Queen of Kings - Maria Dahvana Headley [36]
Why would they have done such a thing, after they’d placed her here, still living? Tricking her people, she guessed.
Octavian Caesar had stood on the steps of the mausoleum, looking over the crowd. Cleopatra could smell his fear still lingering there.
The queen is dead, Octavian told her people. She killed herself in grief for Mark Antony. It was an honorable death, though it went against the wishes of Rome.
Her people would have suspected her murdered but not dared challenge him. Cities that resisted the Romans ended in ashes. The people of Alexandria would have mourned instead, torn out their hair and knelt, processed about the mausoleum, singing and drinking. She could still hear the echoes of it.
The queen is dead. Long live the emperor. Hail Caesar!
This was a Roman city now.
She heard a man breaking into drunken song out on the street, the guards hushing him. She was suddenly filled with wrath. Would she be doomed to listen to the world forever, trapped away from it?
She screamed in fury, there in the dark, but all she heard was the echo of her voice, bouncing from the high ceiling, rattling against the walls.
Antony’s ashes shifted with her scream. She breathed him in, another gasp of betrayal and sorrow, of his blood on her hands. She’d be here forever, beside the ruined body of her beloved, unless she did something to escape.
“FREE ME!” she screamed, every muscle straining and crying out against the chains as she pushed herself up from the slab. She was not strong enough to break them. Her skin was seared, and she felt the metal slipping beneath it, slicing into flesh. Rage boiled inside her and she howled her order out to the ceiling. The guards would hear her. Someone would hear her. “Release me! Your queen lives, and you serve a monster!”
She heard a high call, a keening song. A pulse of sound from outside the building, and another sound, of something creeping, fluttering through a small space. A rustling.
Something was coming.
16
Octavian visited Alexander the Great’s grave, crippled with unease. He’d long looked forward to paying his respects at his hero’s burial place, nearby as it was to Alexandria. It was the heroic thing to do, after all, a scene that might be written about by the poets of Rome, the young emperor standing beside the tomb of his predecessor, inheriting his power. Augustus the Great, he’d thought secretly, tasting the name on his tongue.
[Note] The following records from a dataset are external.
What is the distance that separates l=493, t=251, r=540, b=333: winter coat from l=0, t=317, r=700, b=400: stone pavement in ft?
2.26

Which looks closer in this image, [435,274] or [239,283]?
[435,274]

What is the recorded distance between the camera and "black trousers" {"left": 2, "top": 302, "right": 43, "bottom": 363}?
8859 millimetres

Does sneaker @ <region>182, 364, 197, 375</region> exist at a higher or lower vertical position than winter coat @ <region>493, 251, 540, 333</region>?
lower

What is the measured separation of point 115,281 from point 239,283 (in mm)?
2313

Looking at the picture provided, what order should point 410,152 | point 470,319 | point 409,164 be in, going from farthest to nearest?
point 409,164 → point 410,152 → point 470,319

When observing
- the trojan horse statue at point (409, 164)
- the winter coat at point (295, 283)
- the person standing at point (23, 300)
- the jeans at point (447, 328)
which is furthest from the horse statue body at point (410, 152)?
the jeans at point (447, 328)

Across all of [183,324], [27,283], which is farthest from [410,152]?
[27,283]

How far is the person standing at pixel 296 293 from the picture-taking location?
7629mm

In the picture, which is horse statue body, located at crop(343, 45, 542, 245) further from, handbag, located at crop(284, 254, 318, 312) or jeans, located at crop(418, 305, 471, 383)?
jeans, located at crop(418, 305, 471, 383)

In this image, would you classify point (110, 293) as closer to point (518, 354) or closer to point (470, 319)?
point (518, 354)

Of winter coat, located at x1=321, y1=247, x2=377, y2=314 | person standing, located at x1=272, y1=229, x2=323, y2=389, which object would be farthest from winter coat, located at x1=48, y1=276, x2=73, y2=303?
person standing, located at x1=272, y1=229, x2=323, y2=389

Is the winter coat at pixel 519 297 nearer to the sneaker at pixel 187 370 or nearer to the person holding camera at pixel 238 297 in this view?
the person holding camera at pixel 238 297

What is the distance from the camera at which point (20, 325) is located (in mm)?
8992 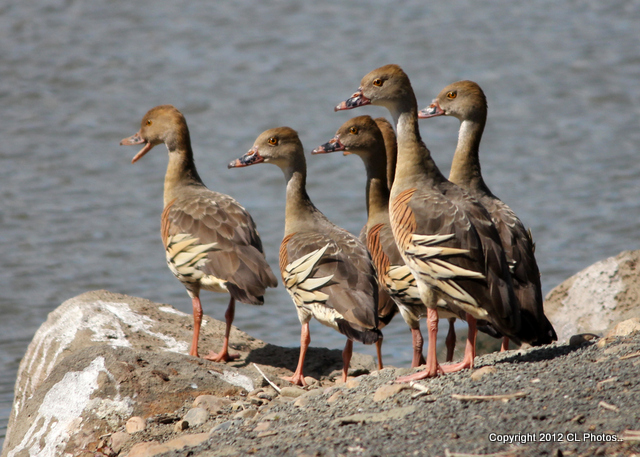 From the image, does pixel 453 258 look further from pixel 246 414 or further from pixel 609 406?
pixel 246 414

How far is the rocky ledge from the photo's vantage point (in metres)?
4.39

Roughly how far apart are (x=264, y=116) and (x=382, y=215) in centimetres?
1071

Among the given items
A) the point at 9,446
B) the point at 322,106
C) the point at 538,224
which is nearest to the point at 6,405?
the point at 9,446

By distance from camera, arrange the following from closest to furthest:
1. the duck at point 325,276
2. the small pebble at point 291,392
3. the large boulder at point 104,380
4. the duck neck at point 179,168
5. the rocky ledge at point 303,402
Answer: the rocky ledge at point 303,402
the large boulder at point 104,380
the small pebble at point 291,392
the duck at point 325,276
the duck neck at point 179,168

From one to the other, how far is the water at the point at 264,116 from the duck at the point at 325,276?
2.56 meters

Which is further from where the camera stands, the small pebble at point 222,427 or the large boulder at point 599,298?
the large boulder at point 599,298

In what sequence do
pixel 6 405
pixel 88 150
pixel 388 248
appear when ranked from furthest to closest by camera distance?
pixel 88 150, pixel 6 405, pixel 388 248

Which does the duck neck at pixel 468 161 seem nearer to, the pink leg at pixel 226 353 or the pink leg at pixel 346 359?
the pink leg at pixel 346 359

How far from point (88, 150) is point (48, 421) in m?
11.6

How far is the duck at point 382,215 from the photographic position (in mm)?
6945

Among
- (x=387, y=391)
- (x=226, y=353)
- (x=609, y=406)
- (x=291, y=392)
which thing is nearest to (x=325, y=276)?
(x=291, y=392)

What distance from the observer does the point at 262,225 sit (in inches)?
561

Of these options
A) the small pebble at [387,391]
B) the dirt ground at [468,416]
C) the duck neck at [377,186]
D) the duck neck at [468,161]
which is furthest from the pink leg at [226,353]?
the small pebble at [387,391]

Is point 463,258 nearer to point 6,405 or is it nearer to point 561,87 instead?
point 6,405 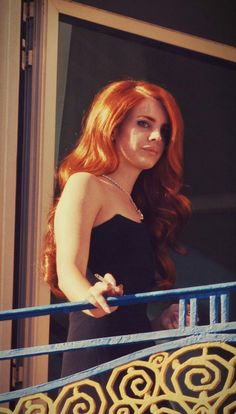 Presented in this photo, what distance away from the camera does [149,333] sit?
2857mm

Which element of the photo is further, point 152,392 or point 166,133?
point 166,133

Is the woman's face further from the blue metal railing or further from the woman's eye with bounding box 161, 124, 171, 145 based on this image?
the blue metal railing

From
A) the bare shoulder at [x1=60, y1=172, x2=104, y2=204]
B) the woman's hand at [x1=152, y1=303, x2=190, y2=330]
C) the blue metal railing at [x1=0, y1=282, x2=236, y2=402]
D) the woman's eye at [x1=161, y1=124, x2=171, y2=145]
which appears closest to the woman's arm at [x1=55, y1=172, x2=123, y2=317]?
the bare shoulder at [x1=60, y1=172, x2=104, y2=204]

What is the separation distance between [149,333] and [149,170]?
671mm

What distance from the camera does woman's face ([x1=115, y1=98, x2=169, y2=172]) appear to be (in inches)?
127

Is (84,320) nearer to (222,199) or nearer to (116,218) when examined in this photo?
(116,218)

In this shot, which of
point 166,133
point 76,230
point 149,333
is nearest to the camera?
point 149,333

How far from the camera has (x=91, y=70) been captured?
326cm

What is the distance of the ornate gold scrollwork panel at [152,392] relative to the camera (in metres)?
2.83

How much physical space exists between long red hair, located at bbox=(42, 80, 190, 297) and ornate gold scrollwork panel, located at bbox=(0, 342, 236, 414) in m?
0.40

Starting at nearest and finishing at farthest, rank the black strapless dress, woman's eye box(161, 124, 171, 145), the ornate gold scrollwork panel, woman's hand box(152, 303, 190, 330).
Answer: the ornate gold scrollwork panel < the black strapless dress < woman's hand box(152, 303, 190, 330) < woman's eye box(161, 124, 171, 145)

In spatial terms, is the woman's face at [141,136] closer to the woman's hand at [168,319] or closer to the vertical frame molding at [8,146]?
the vertical frame molding at [8,146]

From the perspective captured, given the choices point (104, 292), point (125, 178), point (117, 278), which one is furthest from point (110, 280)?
point (125, 178)

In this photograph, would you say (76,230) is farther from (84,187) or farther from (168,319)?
(168,319) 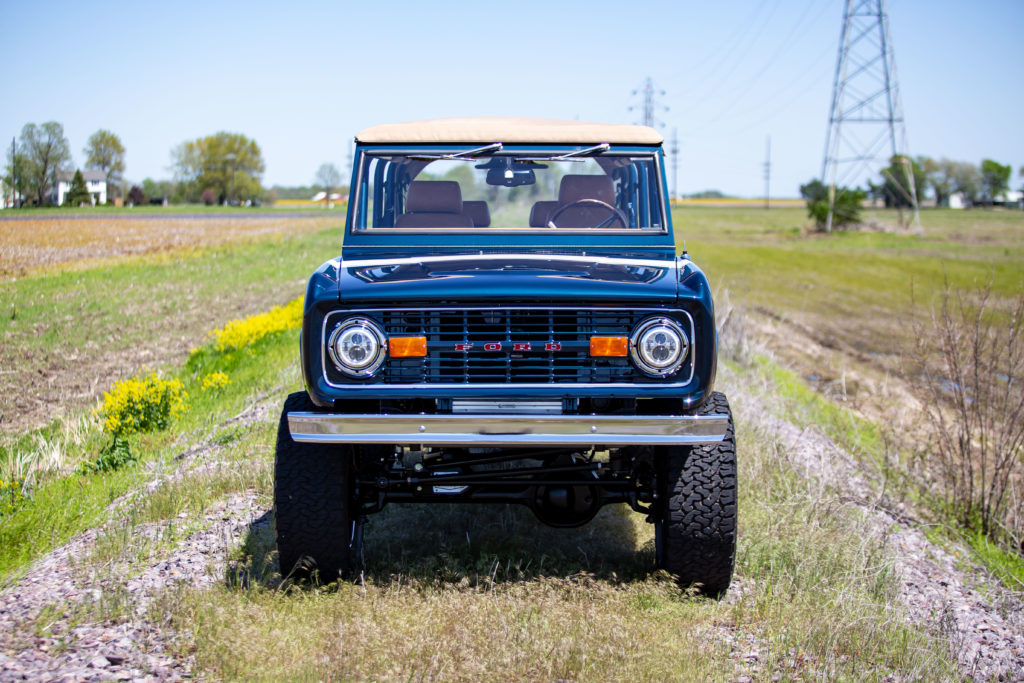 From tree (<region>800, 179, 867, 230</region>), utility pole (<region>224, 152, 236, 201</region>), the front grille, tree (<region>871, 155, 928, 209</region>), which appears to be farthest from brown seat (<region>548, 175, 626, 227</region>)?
tree (<region>800, 179, 867, 230</region>)

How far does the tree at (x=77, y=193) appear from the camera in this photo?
8336mm

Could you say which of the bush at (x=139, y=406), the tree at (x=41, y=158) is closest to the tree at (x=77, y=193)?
the tree at (x=41, y=158)

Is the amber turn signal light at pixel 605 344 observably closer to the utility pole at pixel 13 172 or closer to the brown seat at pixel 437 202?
the brown seat at pixel 437 202

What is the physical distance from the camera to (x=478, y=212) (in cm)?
546

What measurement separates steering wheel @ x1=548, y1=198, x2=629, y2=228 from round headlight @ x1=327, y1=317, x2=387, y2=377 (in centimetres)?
175

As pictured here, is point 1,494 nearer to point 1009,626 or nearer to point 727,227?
point 1009,626

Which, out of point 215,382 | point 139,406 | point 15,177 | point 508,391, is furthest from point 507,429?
point 15,177

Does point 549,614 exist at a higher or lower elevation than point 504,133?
lower

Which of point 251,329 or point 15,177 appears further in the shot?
point 251,329

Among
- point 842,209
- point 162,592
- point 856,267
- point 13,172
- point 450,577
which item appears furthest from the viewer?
point 842,209

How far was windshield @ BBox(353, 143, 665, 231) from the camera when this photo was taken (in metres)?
5.21

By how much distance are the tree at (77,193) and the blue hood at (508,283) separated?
17.1 feet

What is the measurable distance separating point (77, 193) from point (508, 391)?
6217 millimetres

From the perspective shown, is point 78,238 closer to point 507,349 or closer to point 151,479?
point 151,479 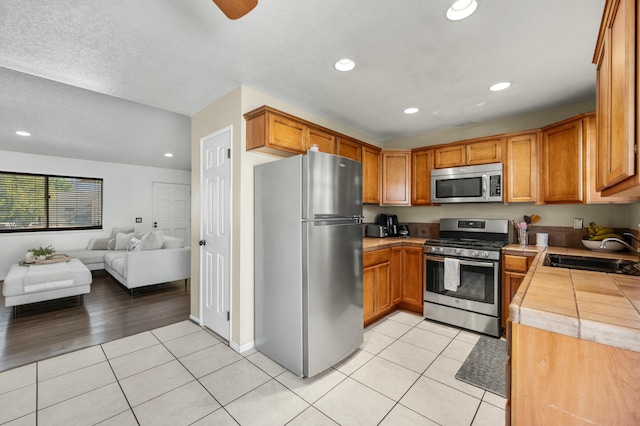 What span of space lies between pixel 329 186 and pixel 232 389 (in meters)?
1.72

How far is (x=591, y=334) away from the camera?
34.9 inches

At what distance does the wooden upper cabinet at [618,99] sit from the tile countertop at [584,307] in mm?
458

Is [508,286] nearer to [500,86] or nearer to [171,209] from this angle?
[500,86]

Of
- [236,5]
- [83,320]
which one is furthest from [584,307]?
[83,320]

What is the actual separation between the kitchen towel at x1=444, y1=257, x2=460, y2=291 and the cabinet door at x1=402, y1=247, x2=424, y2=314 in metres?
0.33

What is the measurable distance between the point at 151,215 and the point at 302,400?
6829 mm

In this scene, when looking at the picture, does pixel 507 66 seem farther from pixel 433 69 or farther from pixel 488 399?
pixel 488 399

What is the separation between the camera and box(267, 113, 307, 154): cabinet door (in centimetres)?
241

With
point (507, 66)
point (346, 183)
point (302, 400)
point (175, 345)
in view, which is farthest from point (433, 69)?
point (175, 345)

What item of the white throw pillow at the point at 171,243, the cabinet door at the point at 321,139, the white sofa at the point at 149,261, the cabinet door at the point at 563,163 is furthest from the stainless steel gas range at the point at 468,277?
the white throw pillow at the point at 171,243

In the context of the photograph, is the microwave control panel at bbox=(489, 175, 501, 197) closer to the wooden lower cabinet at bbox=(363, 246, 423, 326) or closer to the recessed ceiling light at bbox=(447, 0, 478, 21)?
the wooden lower cabinet at bbox=(363, 246, 423, 326)

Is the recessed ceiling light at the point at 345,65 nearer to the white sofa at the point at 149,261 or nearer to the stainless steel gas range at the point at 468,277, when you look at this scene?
the stainless steel gas range at the point at 468,277

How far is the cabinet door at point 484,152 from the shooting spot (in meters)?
3.17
The simpleton slaves and keepers of the necropolis insisted that he see the endless Ptolemaic tombs as well, and he was forced to descend an unpleasant stone staircase into a black pit, but he immediately turned and ran back up into the light, fearful of more creatures like Cleopatra, dead and yet not dead.
“I came to see a king,” he snapped, “not a pile of dead bodies.” This was to have been a reward for Cleopatra’s death after all, a final triumphant act in her city before departing for other places, other kingdoms, but what he’d seen in Cleopatra’s chamber had drastically changed the tone of the visit.
All he could think of now was her glowing eyes, her smiling lips. She lived, she lived, and he’d buried her that way. Too late, he realized that she would not stay buried. She would come for him. He must flee the country.
Before he could, though, he must do this or regret it forever.
“Open the sarcophagus,” he ordered. “I wish to see him.”
He sent the slaves away the moment the case was open, and then forced himself to look into the coffin. Alexander’s features, which Octavian had long venerated, dreamt of, were nothing but fragile leather. Nearly three hundred years had passed since Alexander’s death by poison at Nebuchadnezzar’s palace. His corpse had originally been transported from Babylon in a vat of honey, as though he were a queen bee. The sweetish smell still lingered, along with that of the cinnamon used in his embalming. The odor confused Octavian’s mind, twisting his memories. In Egypt, the precious inner bark of the cinnamon tree was used on the dead, but in Rome it was used on the living, as an ingredient in love potions.